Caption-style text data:

*** Begin section ***

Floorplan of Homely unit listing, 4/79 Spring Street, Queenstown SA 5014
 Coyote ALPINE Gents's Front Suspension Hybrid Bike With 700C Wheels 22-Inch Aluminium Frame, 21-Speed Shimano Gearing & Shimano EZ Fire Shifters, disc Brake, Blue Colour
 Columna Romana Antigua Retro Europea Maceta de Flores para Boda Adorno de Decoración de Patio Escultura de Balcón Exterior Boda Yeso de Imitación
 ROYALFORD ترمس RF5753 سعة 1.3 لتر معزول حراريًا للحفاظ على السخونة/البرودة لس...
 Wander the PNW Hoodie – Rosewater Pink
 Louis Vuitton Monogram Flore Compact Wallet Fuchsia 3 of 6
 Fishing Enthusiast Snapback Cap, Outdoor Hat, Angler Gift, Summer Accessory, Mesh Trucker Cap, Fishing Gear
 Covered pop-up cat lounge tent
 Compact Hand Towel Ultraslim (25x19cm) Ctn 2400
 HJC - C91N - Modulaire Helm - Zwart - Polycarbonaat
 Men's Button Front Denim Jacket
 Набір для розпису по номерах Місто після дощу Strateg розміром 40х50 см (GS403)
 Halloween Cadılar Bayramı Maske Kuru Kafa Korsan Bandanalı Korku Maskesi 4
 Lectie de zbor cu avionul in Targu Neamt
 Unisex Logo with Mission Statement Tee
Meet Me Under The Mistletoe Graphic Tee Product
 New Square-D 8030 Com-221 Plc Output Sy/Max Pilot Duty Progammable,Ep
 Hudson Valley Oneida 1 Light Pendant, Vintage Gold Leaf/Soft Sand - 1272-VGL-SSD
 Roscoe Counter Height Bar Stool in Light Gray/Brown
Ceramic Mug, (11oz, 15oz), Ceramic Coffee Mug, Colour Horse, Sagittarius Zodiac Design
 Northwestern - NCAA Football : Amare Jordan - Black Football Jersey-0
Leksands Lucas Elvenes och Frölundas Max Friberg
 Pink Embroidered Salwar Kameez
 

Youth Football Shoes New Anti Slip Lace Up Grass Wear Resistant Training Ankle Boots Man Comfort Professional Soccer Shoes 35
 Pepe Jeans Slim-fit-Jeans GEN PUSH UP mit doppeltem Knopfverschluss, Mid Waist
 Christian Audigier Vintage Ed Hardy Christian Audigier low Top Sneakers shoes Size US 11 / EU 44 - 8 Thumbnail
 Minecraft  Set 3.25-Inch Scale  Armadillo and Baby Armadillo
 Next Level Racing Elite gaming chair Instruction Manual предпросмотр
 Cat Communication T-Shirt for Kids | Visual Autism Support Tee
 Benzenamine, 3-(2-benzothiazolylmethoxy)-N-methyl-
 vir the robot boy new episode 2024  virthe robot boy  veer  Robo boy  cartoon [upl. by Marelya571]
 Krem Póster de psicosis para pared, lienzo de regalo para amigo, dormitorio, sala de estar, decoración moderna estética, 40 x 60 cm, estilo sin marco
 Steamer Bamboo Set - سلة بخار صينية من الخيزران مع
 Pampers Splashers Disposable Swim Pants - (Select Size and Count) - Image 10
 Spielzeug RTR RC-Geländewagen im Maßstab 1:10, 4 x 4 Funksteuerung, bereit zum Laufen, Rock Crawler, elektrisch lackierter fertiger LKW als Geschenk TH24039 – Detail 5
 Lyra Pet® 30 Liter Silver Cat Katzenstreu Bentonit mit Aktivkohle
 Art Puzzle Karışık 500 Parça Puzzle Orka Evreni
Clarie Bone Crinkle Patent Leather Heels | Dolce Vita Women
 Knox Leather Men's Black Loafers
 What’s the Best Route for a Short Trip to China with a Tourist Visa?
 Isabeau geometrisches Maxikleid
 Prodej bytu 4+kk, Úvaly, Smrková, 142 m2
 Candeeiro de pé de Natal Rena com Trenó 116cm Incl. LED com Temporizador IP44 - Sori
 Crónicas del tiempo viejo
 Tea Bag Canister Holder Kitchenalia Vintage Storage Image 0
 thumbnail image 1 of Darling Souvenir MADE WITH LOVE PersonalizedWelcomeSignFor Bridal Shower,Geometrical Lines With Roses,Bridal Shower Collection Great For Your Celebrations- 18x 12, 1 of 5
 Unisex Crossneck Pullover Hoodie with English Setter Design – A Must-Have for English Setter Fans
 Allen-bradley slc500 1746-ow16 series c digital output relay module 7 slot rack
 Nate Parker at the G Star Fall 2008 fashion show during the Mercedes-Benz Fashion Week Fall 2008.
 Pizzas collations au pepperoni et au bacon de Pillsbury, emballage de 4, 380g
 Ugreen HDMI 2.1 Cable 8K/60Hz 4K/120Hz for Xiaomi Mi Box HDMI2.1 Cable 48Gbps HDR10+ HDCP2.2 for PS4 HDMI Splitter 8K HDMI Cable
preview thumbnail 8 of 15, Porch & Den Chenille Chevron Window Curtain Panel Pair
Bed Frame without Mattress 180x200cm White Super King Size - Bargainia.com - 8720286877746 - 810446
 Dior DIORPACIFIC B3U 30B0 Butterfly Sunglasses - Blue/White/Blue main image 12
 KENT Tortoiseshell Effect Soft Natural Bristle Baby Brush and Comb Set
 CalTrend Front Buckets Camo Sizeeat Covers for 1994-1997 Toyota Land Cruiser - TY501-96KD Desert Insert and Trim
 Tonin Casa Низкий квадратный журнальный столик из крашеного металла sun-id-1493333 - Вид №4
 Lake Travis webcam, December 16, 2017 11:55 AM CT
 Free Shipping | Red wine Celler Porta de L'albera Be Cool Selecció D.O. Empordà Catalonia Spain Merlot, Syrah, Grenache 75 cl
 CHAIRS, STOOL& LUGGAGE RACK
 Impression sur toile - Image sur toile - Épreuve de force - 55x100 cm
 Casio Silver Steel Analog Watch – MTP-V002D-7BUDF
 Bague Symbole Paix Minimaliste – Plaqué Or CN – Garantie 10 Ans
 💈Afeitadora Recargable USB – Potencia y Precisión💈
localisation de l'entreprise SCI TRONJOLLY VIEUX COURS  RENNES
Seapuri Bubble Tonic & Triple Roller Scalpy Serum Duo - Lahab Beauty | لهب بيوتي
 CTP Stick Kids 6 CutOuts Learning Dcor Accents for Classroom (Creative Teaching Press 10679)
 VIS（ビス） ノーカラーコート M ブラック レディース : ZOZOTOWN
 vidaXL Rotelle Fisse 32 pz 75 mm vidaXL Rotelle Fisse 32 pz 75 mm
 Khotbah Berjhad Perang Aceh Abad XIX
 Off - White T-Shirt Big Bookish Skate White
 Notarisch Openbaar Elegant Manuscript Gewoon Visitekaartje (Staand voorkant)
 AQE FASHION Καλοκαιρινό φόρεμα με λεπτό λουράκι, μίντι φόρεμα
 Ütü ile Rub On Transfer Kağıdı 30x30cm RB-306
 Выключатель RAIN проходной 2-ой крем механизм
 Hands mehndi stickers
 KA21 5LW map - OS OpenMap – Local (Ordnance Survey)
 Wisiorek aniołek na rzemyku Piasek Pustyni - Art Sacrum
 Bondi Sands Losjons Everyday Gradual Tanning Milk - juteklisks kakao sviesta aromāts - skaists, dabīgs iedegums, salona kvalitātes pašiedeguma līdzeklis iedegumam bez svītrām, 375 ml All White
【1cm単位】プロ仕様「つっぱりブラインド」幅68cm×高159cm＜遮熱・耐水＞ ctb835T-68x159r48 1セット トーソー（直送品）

*** End section ***

* **WORK TASK**
Retype every record above exactly as written.

* **SOLVED EXERCISE**
Floorplan of Homely unit listing, 4/79 Spring Street, Queenstown SA 5014
 Coyote ALPINE Gents's Front Suspension Hybrid Bike With 700C Wheels 22-Inch Aluminium Frame, 21-Speed Shimano Gearing & Shimano EZ Fire Shifters, disc Brake, Blue Colour
 Columna Romana Antigua Retro Europea Maceta de Flores para Boda Adorno de Decoración de Patio Escultura de Balcón Exterior Boda Yeso de Imitación
 ROYALFORD ترمس RF5753 سعة 1.3 لتر معزول حراريًا للحفاظ على السخونة/البرودة لس...
 Wander the PNW Hoodie – Rosewater Pink
 Louis Vuitton Monogram Flore Compact Wallet Fuchsia 3 of 6
 Fishing Enthusiast Snapback Cap, Outdoor Hat, Angler Gift, Summer Accessory, Mesh Trucker Cap, Fishing Gear
 Covered pop-up cat lounge tent
 Compact Hand Towel Ultraslim (25x19cm) Ctn 2400
 HJC - C91N - Modulaire Helm - Zwart - Polycarbonaat
 Men's Button Front Denim Jacket
 Набір для розпису по номерах Місто після дощу Strateg розміром 40х50 см (GS403)
 Halloween Cadılar Bayramı Maske Kuru Kafa Korsan Bandanalı Korku Maskesi 4
 Lectie de zbor cu avionul in Targu Neamt
 Unisex Logo with Mission Statement Tee
Meet Me Under The Mistletoe Graphic Tee Product
 New Square-D 8030 Com-221 Plc Output Sy/Max Pilot Duty Progammable,Ep
 Hudson Valley Oneida 1 Light Pendant, Vintage Gold Leaf/Soft Sand - 1272-VGL-SSD
 Roscoe Counter Height Bar Stool in Light Gray/Brown
Ceramic Mug, (11oz, 15oz), Ceramic Coffee Mug, Colour Horse, Sagittarius Zodiac Design
 Northwestern - NCAA Football : Amare Jordan - Black Football Jersey-0
Leksands Lucas Elvenes och Frölundas Max Friberg
 Pink Embroidered Salwar Kameez
 

Youth Football Shoes New Anti Slip Lace Up Grass Wear Resistant Training Ankle Boots Man Comfort Professional Soccer Shoes 35
 Pepe Jeans Slim-fit-Jeans GEN PUSH UP mit doppeltem Knopfverschluss, Mid Waist
 Christian Audigier Vintage Ed Hardy Christian Audigier low Top Sneakers shoes Size US 11 / EU 44 - 8 Thumbnail
 Minecraft  Set 3.25-Inch Scale  Armadillo and Baby Armadillo
 Next Level Racing Elite gaming chair Instruction Manual предпросмотр
 Cat Communication T-Shirt for Kids | Visual Autism Support Tee
 Benzenamine, 3-(2-benzothiazolylmethoxy)-N-methyl-
 vir the robot boy new episode 2024  virthe robot boy  veer  Robo boy  cartoon [upl. by Marelya571]
 Krem Póster de psicosis para pared, lienzo de regalo para amigo, dormitorio, sala de estar, decoración moderna estética, 40 x 60 cm, estilo sin marco
 Steamer Bamboo Set - سلة بخار صينية من الخيزران مع
 Pampers Splashers Disposable Swim Pants - (Select Size and Count) - Image 10
 Spielzeug RTR RC-Geländewagen im Maßstab 1:10, 4 x 4 Funksteuerung, bereit zum Laufen, Rock Crawler, elektrisch lackierter fertiger LKW als Geschenk TH24039 – Detail 5
 Lyra Pet® 30 Liter Silver Cat Katzenstreu Bentonit mit Aktivkohle
 Art Puzzle Karışık 500 Parça Puzzle Orka Evreni
Clarie Bone Crinkle Patent Leather Heels | Dolce Vita Women
 Knox Leather Men's Black Loafers
 What’s the Best Route for a Short Trip to China with a Tourist Visa?
 Isabeau geometrisches Maxikleid
 Prodej bytu 4+kk, Úvaly, Smrková, 142 m2
 Candeeiro de pé de Natal Rena com Trenó 116cm Incl. LED com Temporizador IP44 - Sori
 Crónicas del tiempo viejo
 Tea Bag Canister Holder Kitchenalia Vintage Storage Image 0
 thumbnail image 1 of Darling Souvenir MADE WITH LOVE PersonalizedWelcomeSignFor Bridal Shower,Geometrical Lines With Roses,Bridal Shower Collection Great For Your Celebrations- 18x 12, 1 of 5
 Unisex Crossneck Pullover Hoodie with English Setter Design – A Must-Have for English Setter Fans
 Allen-bradley slc500 1746-ow16 series c digital output relay module 7 slot rack
 Nate Parker at the G Star Fall 2008 fashion show during the Mercedes-Benz Fashion Week Fall 2008.
 Pizzas collations au pepperoni et au bacon de Pillsbury, emballage de 4, 380g
 Ugreen HDMI 2.1 Cable 8K/60Hz 4K/120Hz for Xiaomi Mi Box HDMI2.1 Cable 48Gbps HDR10+ HDCP2.2 for PS4 HDMI Splitter 8K HDMI Cable
preview thumbnail 8 of 15, Porch & Den Chenille Chevron Window Curtain Panel Pair
Bed Frame without Mattress 180x200cm White Super King Size - Bargainia.com - 8720286877746 - 810446
 Dior DIORPACIFIC B3U 30B0 Butterfly Sunglasses - Blue/White/Blue main image 12
 KENT Tortoiseshell Effect Soft Natural Bristle Baby Brush and Comb Set
 CalTrend Front Buckets Camo Sizeeat Covers for 1994-1997 Toyota Land Cruiser - TY501-96KD Desert Insert and Trim
 Tonin Casa Низкий квадратный журнальный столик из крашеного металла sun-id-1493333 - Вид №4
 Lake Travis webcam, December 16, 2017 11:55 AM CT
 Free Shipping | Red wine Celler Porta de L'albera Be Cool Selecció D.O. Empordà Catalonia Spain Merlot, Syrah, Grenache 75 cl
 CHAIRS, STOOL& LUGGAGE RACK
 Impression sur toile - Image sur toile - Épreuve de force - 55x100 cm
 Casio Silver Steel Analog Watch – MTP-V002D-7BUDF
 Bague Symbole Paix Minimaliste – Plaqué Or CN – Garantie 10 Ans
 💈Afeitadora Recargable USB – Potencia y Precisión💈
localisation de l'entreprise SCI TRONJOLLY VIEUX COURS  RENNES
Seapuri Bubble Tonic & Triple Roller Scalpy Serum Duo - Lahab Beauty | لهب بيوتي
 CTP Stick Kids 6 CutOuts Learning Dcor Accents for Classroom (Creative Teaching Press 10679)
 VIS（ビス） ノーカラーコート M ブラック レディース : ZOZOTOWN
 vidaXL Rotelle Fisse 32 pz 75 mm vidaXL Rotelle Fisse 32 pz 75 mm
 Khotbah Berjhad Perang Aceh Abad XIX
 Off - White T-Shirt Big Bookish Skate White
 Notarisch Openbaar Elegant Manuscript Gewoon Visitekaartje (Staand voorkant)
 AQE FASHION Καλοκαιρινό φόρεμα με λεπτό λουράκι, μίντι φόρεμα
 Ütü ile Rub On Transfer Kağıdı 30x30cm RB-306
 Выключатель RAIN проходной 2-ой крем механизм
 Hands mehndi stickers
 KA21 5LW map - OS OpenMap – Local (Ordnance Survey)
 Wisiorek aniołek na rzemyku Piasek Pustyni - Art Sacrum
 Bondi Sands Losjons Everyday Gradual Tanning Milk - juteklisks kakao sviesta aromāts - skaists, dabīgs iedegums, salona kvalitātes pašiedeguma līdzeklis iedegumam bez svītrām, 375 ml All White
【1cm単位】プロ仕様「つっぱりブラインド」幅68cm×高159cm＜遮熱・耐水＞ ctb835T-68x159r48 1セット トーソー（直送品）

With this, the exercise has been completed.